Arizona Public Service, which operates the solar generator north of Tucson, seems to be on a campaign to show that there is no green approach that does not work well on a corporate scale. Last year, it started raising algae, feeding them carbon dioxide from a natural-gas-fired power plant, Red Hawk, west of Phoenix. It used the algae to make biodiesel, a vehicle fuel that is more commonly made from soybeans or corn. The company is now installing bigger equipment to test the process on a larger scale.
Even for renewable energy like heating with wood (an idea that has been around for much longer than the term "renewable"), the scale is growing. For example, the University of South Carolina would like to reduce its carbon footprint and lower its natural-gas bill of $6.5 million a year. So this spring it plans to open a plant that will use wood scraps to make electricity, and use steam from the system's waste heat to warm the campus.

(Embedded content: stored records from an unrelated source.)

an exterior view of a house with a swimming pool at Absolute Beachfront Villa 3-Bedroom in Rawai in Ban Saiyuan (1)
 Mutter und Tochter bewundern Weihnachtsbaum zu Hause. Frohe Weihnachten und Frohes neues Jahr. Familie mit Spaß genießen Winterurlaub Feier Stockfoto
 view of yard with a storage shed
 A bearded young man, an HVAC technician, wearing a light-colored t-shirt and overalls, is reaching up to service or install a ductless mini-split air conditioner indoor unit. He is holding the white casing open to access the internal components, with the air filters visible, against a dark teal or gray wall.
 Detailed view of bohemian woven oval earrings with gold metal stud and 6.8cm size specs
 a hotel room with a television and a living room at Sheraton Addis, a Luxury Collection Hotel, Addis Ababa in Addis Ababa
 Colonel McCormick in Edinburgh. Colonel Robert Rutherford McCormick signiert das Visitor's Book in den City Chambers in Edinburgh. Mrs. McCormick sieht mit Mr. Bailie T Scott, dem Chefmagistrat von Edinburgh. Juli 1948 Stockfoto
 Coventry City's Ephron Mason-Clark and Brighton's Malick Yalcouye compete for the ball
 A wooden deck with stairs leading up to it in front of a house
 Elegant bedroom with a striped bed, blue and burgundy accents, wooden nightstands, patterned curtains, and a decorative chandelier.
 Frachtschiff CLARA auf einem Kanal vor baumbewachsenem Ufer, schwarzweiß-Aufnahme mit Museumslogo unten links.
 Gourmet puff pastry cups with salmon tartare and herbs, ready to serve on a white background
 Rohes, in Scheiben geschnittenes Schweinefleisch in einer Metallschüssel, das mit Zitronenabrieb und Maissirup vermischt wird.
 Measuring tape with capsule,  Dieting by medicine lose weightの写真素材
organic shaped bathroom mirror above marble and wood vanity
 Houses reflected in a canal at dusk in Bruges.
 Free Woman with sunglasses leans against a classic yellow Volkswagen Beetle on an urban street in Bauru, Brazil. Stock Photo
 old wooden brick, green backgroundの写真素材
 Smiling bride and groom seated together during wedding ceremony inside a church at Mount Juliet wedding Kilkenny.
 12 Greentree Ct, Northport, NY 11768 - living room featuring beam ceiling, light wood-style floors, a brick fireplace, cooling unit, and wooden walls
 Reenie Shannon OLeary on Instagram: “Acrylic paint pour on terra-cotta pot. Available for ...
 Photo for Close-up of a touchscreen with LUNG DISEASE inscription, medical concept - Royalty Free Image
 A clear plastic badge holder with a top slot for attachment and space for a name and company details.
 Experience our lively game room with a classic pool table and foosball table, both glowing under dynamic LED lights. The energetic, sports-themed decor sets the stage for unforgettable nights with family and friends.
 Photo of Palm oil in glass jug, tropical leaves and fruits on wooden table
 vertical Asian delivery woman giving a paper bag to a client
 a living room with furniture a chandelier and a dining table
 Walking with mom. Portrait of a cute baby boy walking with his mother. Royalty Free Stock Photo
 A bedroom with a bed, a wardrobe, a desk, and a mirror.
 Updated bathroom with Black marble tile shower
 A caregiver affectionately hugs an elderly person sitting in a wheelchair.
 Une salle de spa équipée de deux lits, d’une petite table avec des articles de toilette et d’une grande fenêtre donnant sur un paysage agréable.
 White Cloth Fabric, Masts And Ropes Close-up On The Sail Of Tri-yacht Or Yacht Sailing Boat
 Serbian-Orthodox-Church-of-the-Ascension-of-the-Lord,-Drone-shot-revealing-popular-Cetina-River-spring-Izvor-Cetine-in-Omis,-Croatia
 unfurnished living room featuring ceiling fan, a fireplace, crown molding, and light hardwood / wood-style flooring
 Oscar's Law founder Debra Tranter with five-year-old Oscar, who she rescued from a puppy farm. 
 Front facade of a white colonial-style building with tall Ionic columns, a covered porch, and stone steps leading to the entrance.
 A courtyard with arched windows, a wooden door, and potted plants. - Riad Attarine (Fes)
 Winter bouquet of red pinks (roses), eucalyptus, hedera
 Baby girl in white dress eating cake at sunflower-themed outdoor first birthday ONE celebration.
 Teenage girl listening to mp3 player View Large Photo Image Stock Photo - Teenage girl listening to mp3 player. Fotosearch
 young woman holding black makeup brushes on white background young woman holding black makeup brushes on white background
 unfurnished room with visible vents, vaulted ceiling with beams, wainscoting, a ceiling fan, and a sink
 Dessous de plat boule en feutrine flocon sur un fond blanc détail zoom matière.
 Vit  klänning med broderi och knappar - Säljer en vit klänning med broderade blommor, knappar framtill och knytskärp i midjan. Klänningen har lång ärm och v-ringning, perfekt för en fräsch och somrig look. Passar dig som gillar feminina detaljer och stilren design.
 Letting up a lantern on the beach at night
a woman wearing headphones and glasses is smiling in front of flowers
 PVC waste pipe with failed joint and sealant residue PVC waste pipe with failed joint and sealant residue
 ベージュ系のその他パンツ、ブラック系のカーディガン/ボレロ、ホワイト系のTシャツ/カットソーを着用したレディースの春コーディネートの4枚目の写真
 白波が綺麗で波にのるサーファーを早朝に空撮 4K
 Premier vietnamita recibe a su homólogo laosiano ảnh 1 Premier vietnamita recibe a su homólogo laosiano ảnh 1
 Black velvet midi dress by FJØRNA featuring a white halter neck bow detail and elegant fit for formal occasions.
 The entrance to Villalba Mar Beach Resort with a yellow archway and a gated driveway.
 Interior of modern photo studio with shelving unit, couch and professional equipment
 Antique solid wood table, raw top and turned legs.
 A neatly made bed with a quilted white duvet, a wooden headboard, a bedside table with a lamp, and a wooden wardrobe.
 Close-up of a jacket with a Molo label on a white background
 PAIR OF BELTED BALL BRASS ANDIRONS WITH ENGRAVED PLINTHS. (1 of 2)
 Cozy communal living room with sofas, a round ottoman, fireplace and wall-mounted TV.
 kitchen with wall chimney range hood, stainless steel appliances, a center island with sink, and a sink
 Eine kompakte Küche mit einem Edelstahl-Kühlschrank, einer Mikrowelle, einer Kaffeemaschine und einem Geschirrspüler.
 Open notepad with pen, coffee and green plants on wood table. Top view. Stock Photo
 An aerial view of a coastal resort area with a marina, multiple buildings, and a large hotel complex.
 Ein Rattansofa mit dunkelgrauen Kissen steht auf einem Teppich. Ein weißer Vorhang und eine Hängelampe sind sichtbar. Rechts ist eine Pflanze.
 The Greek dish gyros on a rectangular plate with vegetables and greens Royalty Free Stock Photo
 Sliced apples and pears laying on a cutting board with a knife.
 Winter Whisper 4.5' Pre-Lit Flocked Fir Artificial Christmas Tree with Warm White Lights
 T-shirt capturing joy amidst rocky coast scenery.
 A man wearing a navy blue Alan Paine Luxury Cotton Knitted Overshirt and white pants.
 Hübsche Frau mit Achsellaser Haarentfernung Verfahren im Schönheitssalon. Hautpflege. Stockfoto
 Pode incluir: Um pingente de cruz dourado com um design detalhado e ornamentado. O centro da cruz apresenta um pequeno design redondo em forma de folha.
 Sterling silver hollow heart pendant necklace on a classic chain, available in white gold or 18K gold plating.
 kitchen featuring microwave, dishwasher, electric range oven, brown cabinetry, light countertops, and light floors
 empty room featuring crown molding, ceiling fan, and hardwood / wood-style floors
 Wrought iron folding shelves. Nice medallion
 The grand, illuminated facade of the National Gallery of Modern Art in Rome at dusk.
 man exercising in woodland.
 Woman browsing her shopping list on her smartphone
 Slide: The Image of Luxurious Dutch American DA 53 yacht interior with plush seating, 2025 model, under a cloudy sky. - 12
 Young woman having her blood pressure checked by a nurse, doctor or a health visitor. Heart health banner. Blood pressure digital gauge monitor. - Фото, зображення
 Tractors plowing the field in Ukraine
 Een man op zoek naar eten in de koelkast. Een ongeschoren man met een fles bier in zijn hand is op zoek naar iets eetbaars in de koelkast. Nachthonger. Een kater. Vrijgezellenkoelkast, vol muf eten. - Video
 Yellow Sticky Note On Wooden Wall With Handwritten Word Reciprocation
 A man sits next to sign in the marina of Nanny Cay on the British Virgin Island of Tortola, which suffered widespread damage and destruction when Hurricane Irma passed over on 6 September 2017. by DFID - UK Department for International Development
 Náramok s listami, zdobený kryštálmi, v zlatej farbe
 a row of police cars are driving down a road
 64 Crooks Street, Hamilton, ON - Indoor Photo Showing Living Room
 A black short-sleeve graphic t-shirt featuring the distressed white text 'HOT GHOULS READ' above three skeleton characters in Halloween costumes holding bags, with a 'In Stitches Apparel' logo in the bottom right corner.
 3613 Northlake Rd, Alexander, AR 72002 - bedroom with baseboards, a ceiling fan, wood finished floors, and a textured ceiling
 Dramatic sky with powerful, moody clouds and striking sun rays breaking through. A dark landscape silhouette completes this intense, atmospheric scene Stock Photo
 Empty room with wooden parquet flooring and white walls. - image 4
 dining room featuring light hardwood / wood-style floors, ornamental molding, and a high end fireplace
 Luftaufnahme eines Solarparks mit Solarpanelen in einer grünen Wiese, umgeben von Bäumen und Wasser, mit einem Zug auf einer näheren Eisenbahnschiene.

This is not some wood-fired boiler. It is an $18 million gasification project that will heat the wood, mostly chips and bark, to produce a flammable gas, which will be burned in a turbine that resembles a jet engine. And the university will not run it on clippings from trees at the Columbia campus; it will take 14 tractor-trailer loads a day, about 55,000 tons a year.
Because the wood is gasified but not burned, the system, which is similar to one used in Burlington, Vt., produces less nitrogen oxides and less soot than a boiler would, said Jonathan S. Rhone, chief of the Nexterra Energy Corporation of Vancouver, British Columbia, which built the gasifier. But being that clean requires an industrial-size system.
There is another reason that it is not the kind of project that works on a small basis: it will take about 14 years to pay for itself. "We've been here 200 years," said Helen Zeigler, the university business manager. "We can afford to make investments like this." A 14-year payback would never work on a family budget, she said.